**Task item**
Reproduce the records word for word, from the first line to the line containing "jan 07 1954".

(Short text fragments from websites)
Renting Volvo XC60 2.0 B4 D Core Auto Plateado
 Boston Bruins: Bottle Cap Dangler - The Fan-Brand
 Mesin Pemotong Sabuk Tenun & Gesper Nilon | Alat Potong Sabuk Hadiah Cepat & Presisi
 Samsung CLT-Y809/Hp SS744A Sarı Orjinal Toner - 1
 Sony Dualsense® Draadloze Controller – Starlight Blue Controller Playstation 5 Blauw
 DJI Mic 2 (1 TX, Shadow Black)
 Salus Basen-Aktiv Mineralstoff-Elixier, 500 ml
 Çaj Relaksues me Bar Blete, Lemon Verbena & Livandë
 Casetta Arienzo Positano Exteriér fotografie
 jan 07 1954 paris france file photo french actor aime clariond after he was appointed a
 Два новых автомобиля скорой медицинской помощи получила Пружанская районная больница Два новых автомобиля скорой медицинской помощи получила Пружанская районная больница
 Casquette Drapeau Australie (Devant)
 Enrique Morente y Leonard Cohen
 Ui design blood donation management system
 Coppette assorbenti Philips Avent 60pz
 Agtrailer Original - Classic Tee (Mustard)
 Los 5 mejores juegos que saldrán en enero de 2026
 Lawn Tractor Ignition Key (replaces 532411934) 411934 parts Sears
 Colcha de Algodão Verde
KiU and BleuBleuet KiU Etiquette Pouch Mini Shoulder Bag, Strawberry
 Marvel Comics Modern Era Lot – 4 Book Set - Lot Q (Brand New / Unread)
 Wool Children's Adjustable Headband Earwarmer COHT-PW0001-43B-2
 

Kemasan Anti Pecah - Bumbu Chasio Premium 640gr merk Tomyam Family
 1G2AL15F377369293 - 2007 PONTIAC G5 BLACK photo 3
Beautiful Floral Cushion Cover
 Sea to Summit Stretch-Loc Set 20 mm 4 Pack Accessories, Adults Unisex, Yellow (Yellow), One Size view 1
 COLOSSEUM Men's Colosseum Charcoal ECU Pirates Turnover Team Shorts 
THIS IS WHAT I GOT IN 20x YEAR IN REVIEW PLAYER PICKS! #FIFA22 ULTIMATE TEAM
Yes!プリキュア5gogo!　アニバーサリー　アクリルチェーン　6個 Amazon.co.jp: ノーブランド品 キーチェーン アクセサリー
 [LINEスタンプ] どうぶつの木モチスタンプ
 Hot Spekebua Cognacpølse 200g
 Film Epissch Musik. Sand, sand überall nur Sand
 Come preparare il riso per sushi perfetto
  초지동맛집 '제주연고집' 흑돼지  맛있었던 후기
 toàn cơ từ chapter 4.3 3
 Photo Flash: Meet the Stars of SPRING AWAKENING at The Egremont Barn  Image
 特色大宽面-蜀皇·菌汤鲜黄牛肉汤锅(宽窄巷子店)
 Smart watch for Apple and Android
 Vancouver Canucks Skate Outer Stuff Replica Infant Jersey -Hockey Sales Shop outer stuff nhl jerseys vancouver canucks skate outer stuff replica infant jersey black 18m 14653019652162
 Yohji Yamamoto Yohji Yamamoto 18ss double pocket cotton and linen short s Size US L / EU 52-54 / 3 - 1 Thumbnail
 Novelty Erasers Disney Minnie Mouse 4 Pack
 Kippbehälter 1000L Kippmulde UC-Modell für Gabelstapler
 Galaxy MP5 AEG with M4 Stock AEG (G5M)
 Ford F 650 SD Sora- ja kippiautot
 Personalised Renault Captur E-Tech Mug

**Your solution**
Renting Volvo XC60 2.0 B4 D Core Auto Plateado
 Boston Bruins: Bottle Cap Dangler - The Fan-Brand
 Mesin Pemotong Sabuk Tenun & Gesper Nilon | Alat Potong Sabuk Hadiah Cepat & Presisi
 Samsung CLT-Y809/Hp SS744A Sarı Orjinal Toner - 1
 Sony Dualsense® Draadloze Controller – Starlight Blue Controller Playstation 5 Blauw
 DJI Mic 2 (1 TX, Shadow Black)
 Salus Basen-Aktiv Mineralstoff-Elixier, 500 ml
 Çaj Relaksues me Bar Blete, Lemon Verbena & Livandë
 Casetta Arienzo Positano Exteriér fotografie
 jan 07 1954 paris france file photo french actor aime clariond after he was appointed a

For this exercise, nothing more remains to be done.